** Opening WORKING DATA block **
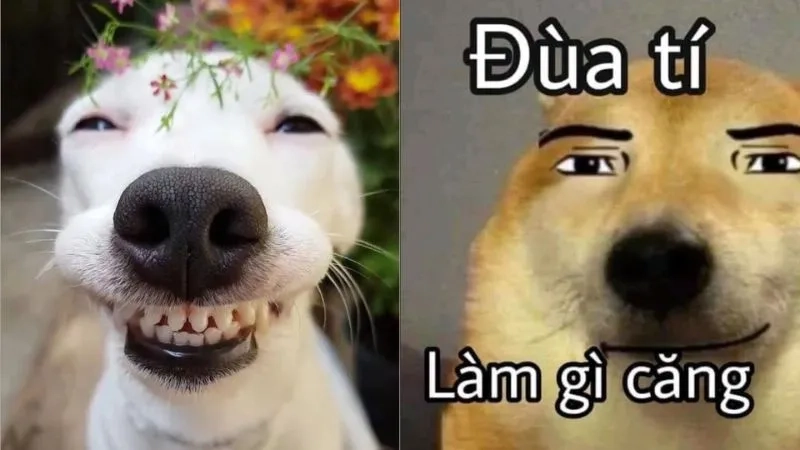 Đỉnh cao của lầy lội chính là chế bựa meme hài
** Closing WORKING DATA block **
** Opening WORKING DATA block **
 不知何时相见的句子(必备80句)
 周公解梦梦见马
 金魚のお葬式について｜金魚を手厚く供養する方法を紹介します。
** Closing WORKING DATA block **
** Opening WORKING DATA block **
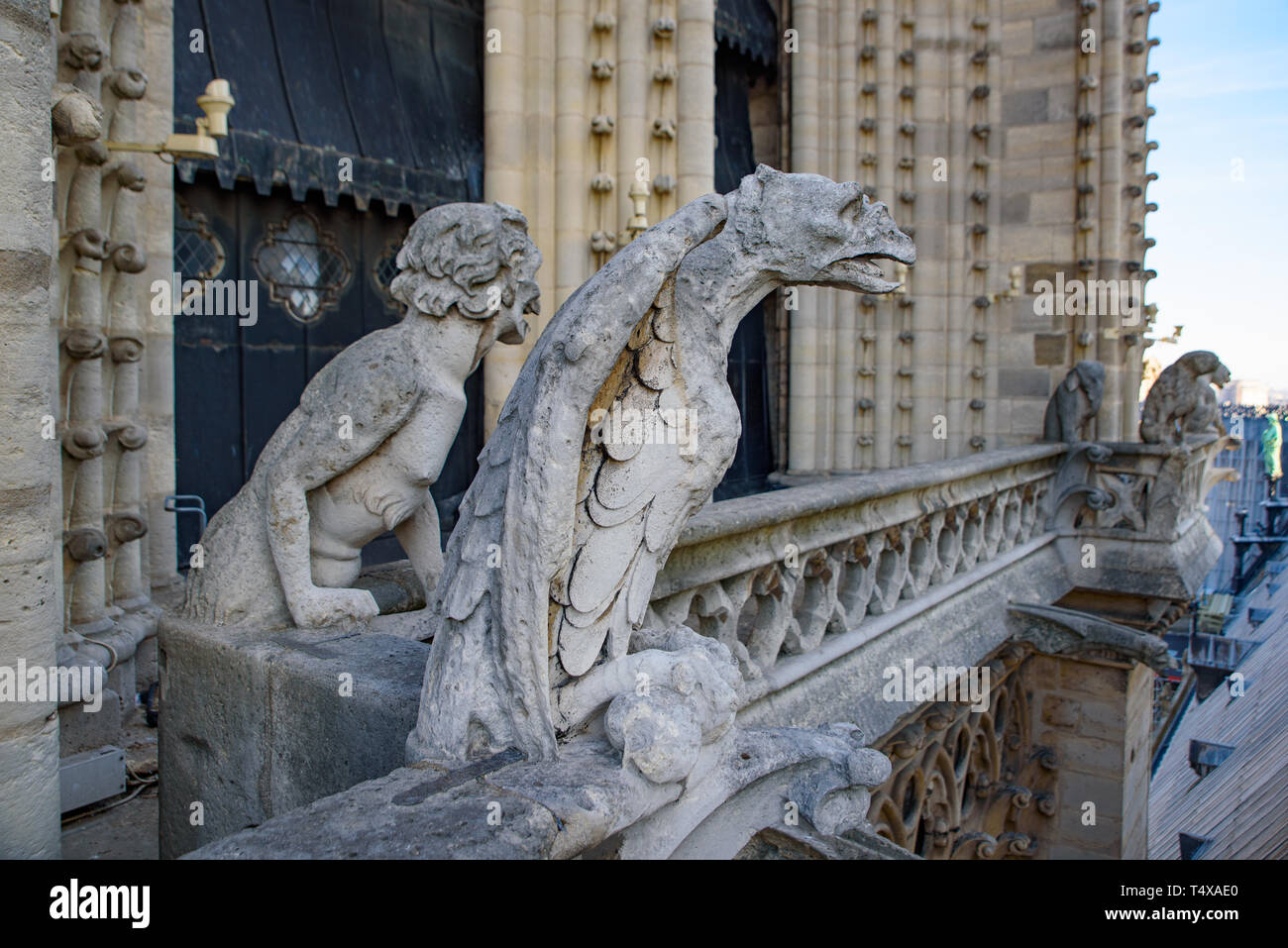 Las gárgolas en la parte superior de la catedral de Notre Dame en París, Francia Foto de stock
** Closing WORKING DATA block **
WHAT TO DO: Write down again, exactly as given, only the lines above that fall from the line with "不知何时相见的句子(必备80句)" to the line with "金魚のお葬式について｜金魚を手厚く供養する方法を紹介します。", inclusive.

WRITTEN ANSWER:
 不知何时相见的句子(必备80句)
 周公解梦梦见马
 金魚のお葬式について｜金魚を手厚く供養する方法を紹介します。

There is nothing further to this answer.